While Hollywood does release its share of “extraordinary struggles of ordinary people” flicks, especially within the horror genre, oftentimes the likes of The Spectacular Now or A Thousand and One barely go wide enough theatrically to play in demographically friendly multiplexes. Far more folks saw David Gordon Green’s Your Highness or Pineapple Express than George Washington or Snow Angels. Moreover, as “ordinary Americans” don’t have to be white dudes (a key clarification, natch), The Color Purple is leading this pack alongside the likes of The Boys in the Boat and The Iron Claw.
Boys in the Boat and Iron Claw impress
Amazon MGM’s The Boys in the Boat is turning into a sleeper hit as the George Clooney-directed Depression-era drama earned another $2.748 million for a $16.4 million five-day total following a $5.7 million Christmas Day debut. That positions the $40 million flick, about a team of underdog college rowing students who (no spoilers) competed at the 1936 Olympics, for a $8.5 million Fri-Sun/$11.5 million Fri-Mon weekend and a $25 million cume heading into 2024.

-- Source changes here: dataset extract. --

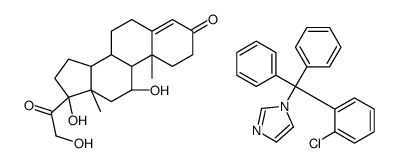 1-[(2-chlorophenyl)-diphenylmethyl]imidazole,(8S,9S,10R,11S,13S,14S,17R)-11,17-dihydroxy-17-(2-hydroxyacetyl)-10,13-dimethyl-2,6,7,8,9,11,12,14,15,16-decahydro-1H-cyclopenta[a]phenanthren-3-one Structure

Whether it could reach Man Called Otto-numbers ($64 million domestic), this is a heartening development as theaters may be counting on Apple and Amazon to fill in the gaps left in 2024 by major studios. It's a sturdy three-star programmer. Pity that there’s no scene where coach Joel Edgerton rallies his team by declaring that they will not row gently down that good stream and that while life was far from a dream they would merrily rage against the dying of the light.
Amid a theatrical ecosystem filled with superheroes, fantastically empowered protagonists or one-man-killing machines like James Bond or John Wick, a heart-wrenching family tragedy like The Iron Claw qualifies as a comparatively relatable studio programmer. The A24 wrestling flick – starring Zac Efron and Jeremy Allen – earned $1.7 million on Friday (-32%) for a likely $4.76 million (-2%) Fri-Sun and $6.34 million Fri-Mon frame. That will give Sean Durkin’s acclaimed programmer, ironically among A24’s most crowdpleasing/mainstream pictures, a $17.7 million domestic cume as it races toward a possible (give-or-take awards season glory) $30 million finish.
Meanwhile, Sony’s Anyone But You is continuing to play like a small-scale holiday release that opens small but legs out well beyond what would be possible at any other time of the year. The Glen Powell/Sydney Sweeney rom-com/wealth porn destination wedding throwback earned $3.3 million (-5%) for a likely $8.4 million Fri-Sun (+40%)/$10.8 million Fri-Mon weekend. The $25 million flick will have $27 million domestic by Monday with plenty of gas left in the can. As far as “saving the romantic comedy,” it’ll already be past Marry Me ($22 million in early 2022) this weekend but will likely end up below Ticket to Paradise ($68 million in late 2022). Fun fact: As recently as early 2019, Taraji P. Henson’s What Men Want was topping $54 million domestically without breaking a sweat.